Was there a specific incident that led you to run for office?

When I was a school principal, we received a lot of new legislative policies and rulings that needed to be implemented in our school. But they came with no additional funding or resources.

Once I was asked to find additional classroom space for five teachers in our school in order to comply with a new mandate to lower class sizes. I had already moved people around and had completely run out of space. So I had to create “cafetorium” classrooms in our gymnasium, library and the cafeteria. The music, art, and PE teachers had to walk around the school with a cart in order to teach their students.

When I was a Spanish teacher, I had to walk around the school with a cart — when I was pregnant for most of the year. So I didn’t want that for anybody. That was the last straw, and I said enough is enough. We have to do something different.
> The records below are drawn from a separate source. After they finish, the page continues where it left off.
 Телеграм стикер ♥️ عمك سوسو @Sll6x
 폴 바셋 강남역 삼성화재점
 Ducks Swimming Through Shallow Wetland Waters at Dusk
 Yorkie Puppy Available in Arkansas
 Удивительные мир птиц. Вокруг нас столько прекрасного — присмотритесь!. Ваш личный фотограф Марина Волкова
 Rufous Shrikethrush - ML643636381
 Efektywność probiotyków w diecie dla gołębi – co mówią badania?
A precedent needs to be set that when new legislation is passed, it must come with the appropriate resources needed to implement it.

How do you get over you fear of fundraising or networking?
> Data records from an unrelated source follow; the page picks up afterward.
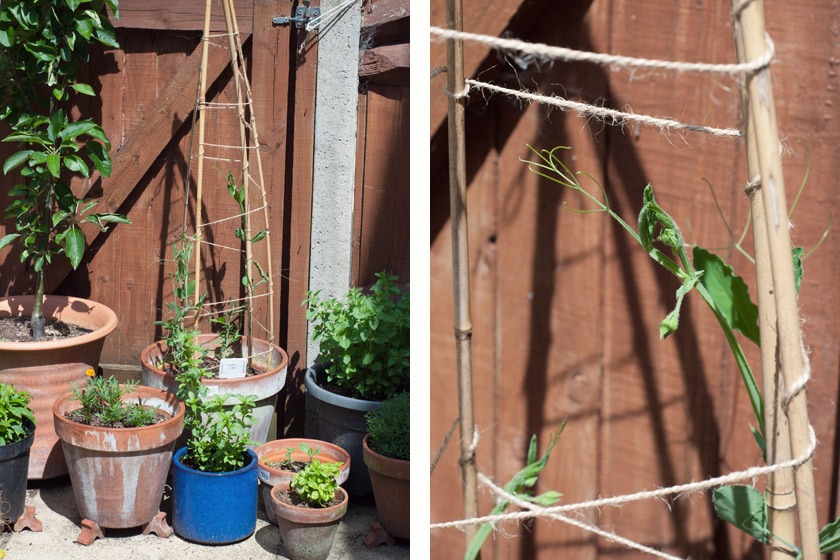 Sweet pea shoots climbing canes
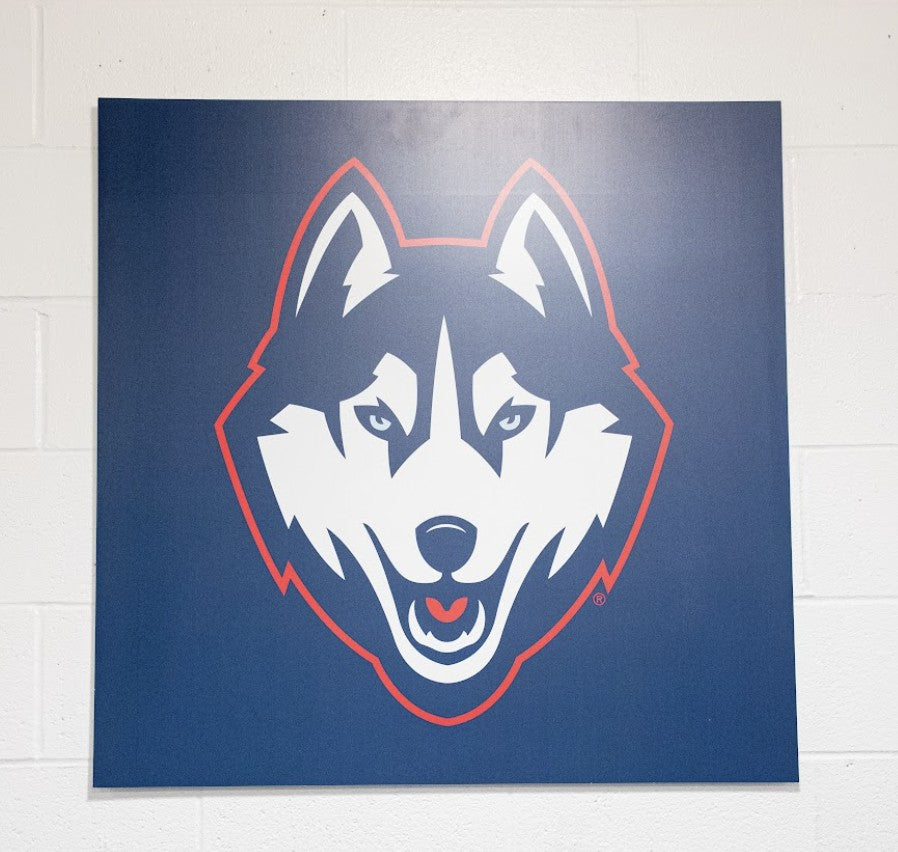 UConn Athletic Training Room Large Husky Wall Logo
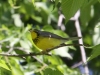 canada-warbler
I’m used to asking people for money. I’ve raised money for schools and classrooms before — that really wasn’t the issue. The issue was asking people for money for me.

When you’re asking people for money for a cause, or for children, or for a family who’s down and out and needs a helping hand — that’s one thing. But when I started asking people to donate money for me and for the campaign, even though I’m not using the money for personal things, my mind would play a trick on me. I would feel like I’m asking for money for me.

I had to change my thought process around fundraising. I finally realized that the money I raise is for the children, it is for the people who are addicted to opioids, it is for people who need to benefit from a reformed criminal justice system. It’s for people who have been marginalized and whose voices have not been heard. The money will go toward making sure that all these groups have a seat at the table, through me.

Once I changed my mindset, I had no problem asking for money. Now I’m so direct that people are taken aback. They say, “Oh my gosh, did you just ask me for the maximum contribution of $5200?” I answer, “Yes actually, I did — because together, we can make a change and this is what’s gonna’ happen. So are you on board?” And they say yes! Now, it’s natural.

What advice would you give someone who’s thinking about running?

First and foremost, make sure it’s ok with your family. Then, you need to talk to someone who has been a serious candidate before — whether they won their election of not. You need to talk to someone who believes in field, door knocking, phone banking, and who believes in investing in a campaign to make it a viable. You need to talk to someone who has walked in those shoes before, and let them explicitly articulate to you what is involved in running for office.

I was not adequately informed of everything I would encounter in my race. The most mind boggling ah-ha moment was when I realized just how much money I would have to raise and how quickly I’d have to raise it. I didn’t realize that people won’t buy into giving you money unless they believe in the political process, and unless they believe in you and what you’re doing.

Now, moving forward, I would tell everyone specifically what you’ll face if you run for office, and what you need to do to have a successful campaign. In order to learn how to navigate these kinds of spaces, it’s best to talk to someone who’s been there before. That’s my number one piece of advice to anyone considering this journey.

What is on your “get pumped up to canvass” playlist?

One is “Reach” by Gloria Estefan. That’s my number one song, period — and “Reach” is also the name of my business. It’s the amazing song she sang at the 1996 Olympics in Atlanta, GA. It’s about reaching higher for your dreams, reaching higher for the things you want to go after. My second song is “Roar” by Katy Perry. Roar like a lion — here I come!

How have you used or worked with RFS in your race?

The Run For Something mentor space has been very helpful. Whenever someone on my staff needs help with anything — finance, marketing, PR, you name it — I can ask if Run For Something has an experienced mentor who can help. The answer is always yes! By talking directly with the RFS mentors, my staff is able to ask the questions I never would have known to ask — and they have gained really valuable wisdom.

For me, I love the Slack space. On Slack, I‘m able to log on and search for anything I need help with. For example — when I need fundraising ideas, I type in “fundraising”, and it’ll search all the messages and show me the ones that have the information I need.

The other big takeaway from RFS is that they’re so responsive. No matter what I need, no matter who I call or email, someone always responds. Everyone is so engaged, and that makes me happy.